2. This petition challenges an interim order dated 05.04.2011 in MCA No.7/2010, which dismissed the petitioner's appeal against an order of the Trial Court of 27.1.2009 passed under Order XXXIX Rule 1 and 2 CPC in a CS No.29/08.
3. The respondent was uprooted in the year 1986 from Pushp Vihar. Under the Rehabilitation Scheme of the Slum & JJ Department, Delhi Municipal Corporation, he was allotted Plot No. 6F, Madanpur Khadar, Phase-III, New Delhi through a draw of lots was conducted by the petitioner. An amount of Rs.7,000/- was deposited by the respondent against a receipt dated 13.10.2005. A provisional certificate was issued on 05.07.2006 by the petitioner. Later in 2008 CMM 299 of 2012 Page 2 of 13 one Mr. Hazrat Hussain filed a suit, bearing No. 300/2008, against one Mr. Nanak Chand who was an officer of the Slum and JJ Wing. In the WS the petitioner/Municipal Corporation had taken the stand that the plaintiff Hazrat Hussain has nothing to do with the land allotted to the Slum and JJ Department (Slum Urban Rehabilitation), MCD; that the MCD carved out six additional plots bearing Nos. 1A, 2B, 3C, 4D, 5E and 6F each measuring 18 sq. yrds. and the respondent had got the plot No. 6F in a draw of lots.
4. It is stated that thereafter, without any provocation, rhyme or reason and without giving any show cause notice to the respondent, on 13.05.2008 the petitioner Corporation sealed the property of the respondent. This action was challenged before the Appellate Tribunal MCD which dismissed the appeal on the ground that the appropriate remedy lay elsewhere. The respondent then filed the suit bearing No. 29/2008 (New No. Suit No.500/2010) seeking a mandatory and permanent injunction against the petitioner for removal of the seal on the suit property i.e. to de-seal it. The learned Trial Court, vide an order dated 27.01.2009, directed the petitioners to remove the seal from the suit property and restrained them from causing any inference CMM 299 of 2012 Page 3 of 13 in the plaintiffs' possession of it. The order was not complied with. The petitioner went in appeal wherein the order of the Trial Court was stayed. However, on 24.09.2010, the stay order was vacated for non- prosecution; ultimately the appeal was dismissed by the impugned order.
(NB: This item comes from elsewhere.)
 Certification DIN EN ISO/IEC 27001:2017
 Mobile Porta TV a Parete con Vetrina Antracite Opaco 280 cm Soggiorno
5. Mr. M.Naushad Siddiqui, the learned counsel for the respondent contends that despite the order of the Trial Court and of the Appellate Court directing the removal of the seal, the petitioners have not de- sealed the property. However, this Court notices that on 06.07.2012, status quo of the impugned order had been directed. The learned counsel further submits that for the non-compliance, flouting and disobeying of the Trial Court's order of 27.01.2009 - directing the de- sealing of the suit properties, an application under Order XXXIX Rules 2A CPC was moved for initiation of appropriate action against the petitioner (defendant). In its reply to the aforesaid application, the Deputy Director of the petitioner stated that the identity of the plaintiff had not been established therefore the property could not be de-sealed:
"It is submitted that the answering respondent is/was unable to comply with the order passed by the Hon'ble Court in as much as identity of the CMM 299 of 2012 Page 4 of 13 plaintiff/applicant is uncertain. After passing of the order, whenever a person approached them for removal of the seal from the property (house No. 6F, Madanpur Khadar, Phase-III, New Delhi) the answering respondent always requested that person to produce Noordin (plaintiff/applicant) along with some proof to establish his identity as Noordin (plaintiff). But the said bonafide request of the answering respondent was never followed. Thus, the answering respondent is/was unable to comply with the order passed by the Hon'ble Court despite its best efforts."
6. It is seen from the Trial Court proceedings of 31.05.2011 that the proof of identity of the plaintiff (respondent herein) was duly given to the counsel for the Corporation as well as to its official Shri Sanjay LDC in the Court. The petitioner was directed to comply with the order dated 27.01.2009 and remove the seal of the premises since the identity of the plaintiff had been established in the day's proceedings. The suit was next listed for compliance on 08.06.2011. But despite the clarity apropos identity of the plaintiff and specific directions by the Court, there was no compliance. Therefore, the stand taken by the Corporation about there being a doubt about the identity of the plaintiff is totally false, misplaced and a misuse of the process of the Court.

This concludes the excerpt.